Ped asked these conditions be corrected on appeal.
Issue(s): The
government declined to assert the appeal waiver, and agreed that the conditions
were unconstitutional. On appeal, “the government suggested that we rewrite the
conditions and affirm the judgment as modified.” Id. at *4.
Held: “Upon further consideration, the government changed its
position and argued that a remand is appropriate. We agree.” Id.
Of Note: The key aspect of the supervised release beef in Ped
is not whether the conditions of supervised release are constitutional: they aren’t.
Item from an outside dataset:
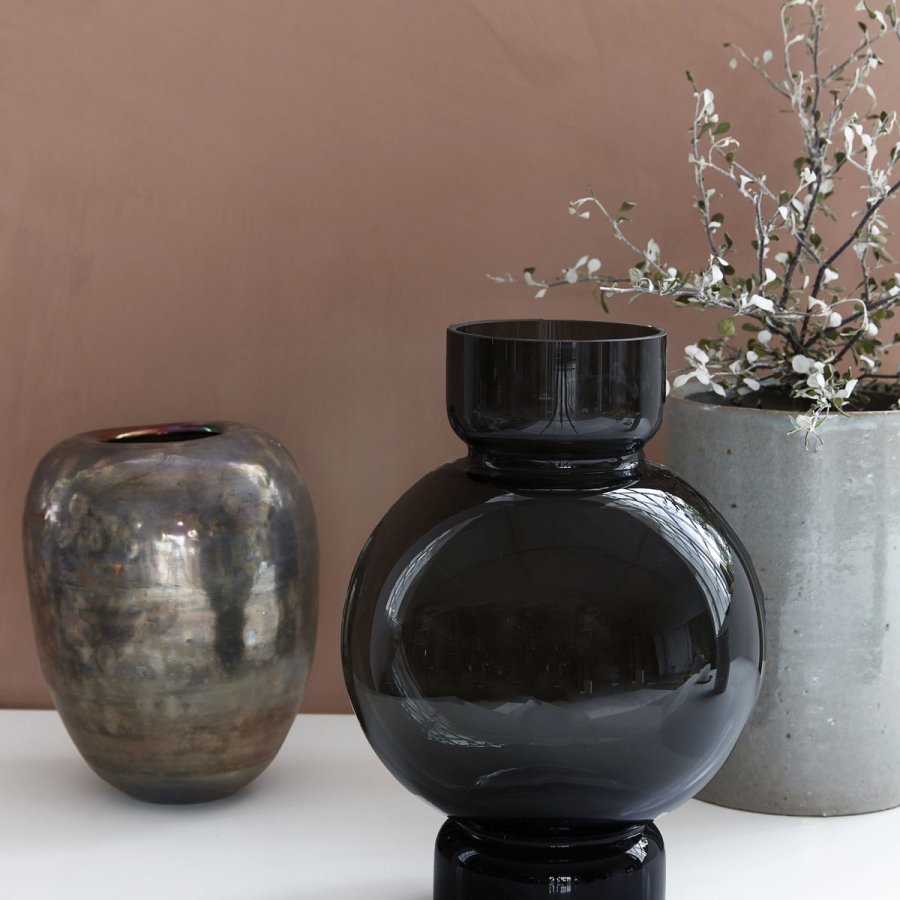 House Doctor Bubble Vase H25 cm, Gr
Instead, Judge Miller spills a
fair amount of ink explaining why the appellate court cannot cobble together a
fix, and instead must vacate the contested conditions and remand for
resentencing. Id. at *5.
Judge Miller is a new Ninthjurist, and Ped may offer an interesting insight into his views of the
limited roles of an appellate court. That worked well for the defense here – but
we may be less keen on this district-court deference when we’re attacking a decision
under an “abuse of discretion” standard.
How to Use:
Ped won this S/R battle, but lost the parole-search war at the heart of this
case. Id. at *1.
The cops in this case learned that Ped’s brother, who
was on “post-release community supervision” (like parole), lived in a house
where Ped also resided. Id. at *1. Three months later (and after
the Probation Officer was given a new and updated address for the brother)
the cops searched the brother’s old original residence without a warrant.
Id. at *2. The cops discovered Ped, meth pipe in hand, and went on to
extract Ped’s confession to the guns found at the house. Id.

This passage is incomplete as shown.